Theorem 5. Let \(\mathcal{X}\subset\mathbb{R}^{d}\) be a convex bounded set with non-empty interior. Let \(\mathcal{H}\) be a bounded class of functions supported on the set \(\mathcal{X}\). Assume that the entropy of the class grows polynomially, i.e., there exist positive real numbers \(p\) and \(A\) such that

$$\forall\varepsilon>0,\quad\log\mathcal{N}(\mathcal{H},||\cdot||_{\infty},\varepsilon)\leqslant A\varepsilon^{-p}.$$

Then, for any probability distribution \(P\) supported on \(\mathcal{X}\), denoting by \(P_{n}\) the empirical measure associated to i.i.d. samples \(X_{1},\dots,X_{n}\sim P\), we have,

$$\mathbb{E}\big{[}d_{\mathcal{H}}(P_{n},P)\big{]}=\mathbb{E}\bigg{[}\sup_{h\in\mathcal{H}}\big{|}\mathbb{X}_{n}(h)\big{|}\bigg{]}\leqslant c\begin{cases}n^{-{1}/{p}}\quad\text{if $p>2$}\\ n^{-{1}/{2}}\ln(n)\quad\text{if $p=2$}\\ n^{-{1}/{2}}\quad\text{if $p<2$},\end{cases}$$

where \(c\) is a constant.

The proof of the extension is exactly the same as the proof of Theorem 4 up to constants.

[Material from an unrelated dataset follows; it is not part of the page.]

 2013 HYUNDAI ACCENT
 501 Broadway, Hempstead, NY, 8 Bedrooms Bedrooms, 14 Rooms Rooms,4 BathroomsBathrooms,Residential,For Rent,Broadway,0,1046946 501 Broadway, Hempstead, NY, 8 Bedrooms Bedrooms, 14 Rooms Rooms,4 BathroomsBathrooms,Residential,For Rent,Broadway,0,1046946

In this note we have seen Hölder classes as examples of classes with polynomial growth of the entropy but there are many other such classes. To illustrate this we give the example of Sobolev classes which, in some cases, are more general than Hölder classes. For a positive integer \(s\) and a real number \(1\leqslant p\leqslant+\infty\), define the Sobolev space \(\mathcal{W}_{p}^{s}(r)\) with radius \(r>0\) as

$$\mathcal{W}^{s}_{p}(r):=\left\{f\in C^{s}(\mathcal{X},\mathbb{R}):\sum_{|k|\leqslant s}||D^{k}f||_{p}\leqslant r\right\}.$$

Note that for any positive integer \(s\) and for any positive radius \(L\), there exist radii \(r\) and \(r^{\prime}\) such that

$$\mathcal{W}^{s}_{\infty}(r)\subset\mathcal{H}^{s}(L)\subset\mathcal{W}^{s-1}_{\infty}(r^{\prime}).$$

A consequence of [11, Corollary 1] is that for any positive integer \(s>0\), and real number \(p\) such that \(d/s<p\leqslant+\infty\), the entropy of a Sobolev class grows polynomially as

$$\log\mathcal{N}(\mathcal{W}^{s}_{p}(L),||\cdot||_{\infty},\varepsilon)\leqslant A\varepsilon^{-d/s}$$

for some positive constant \(A\). Thus Theorem 5 holds for this class. Finally we point out that such bounds on the entropy hold for more general spaces such as some Besov spaces. We refer the reader to Nickl and Pötscher [11] for more details.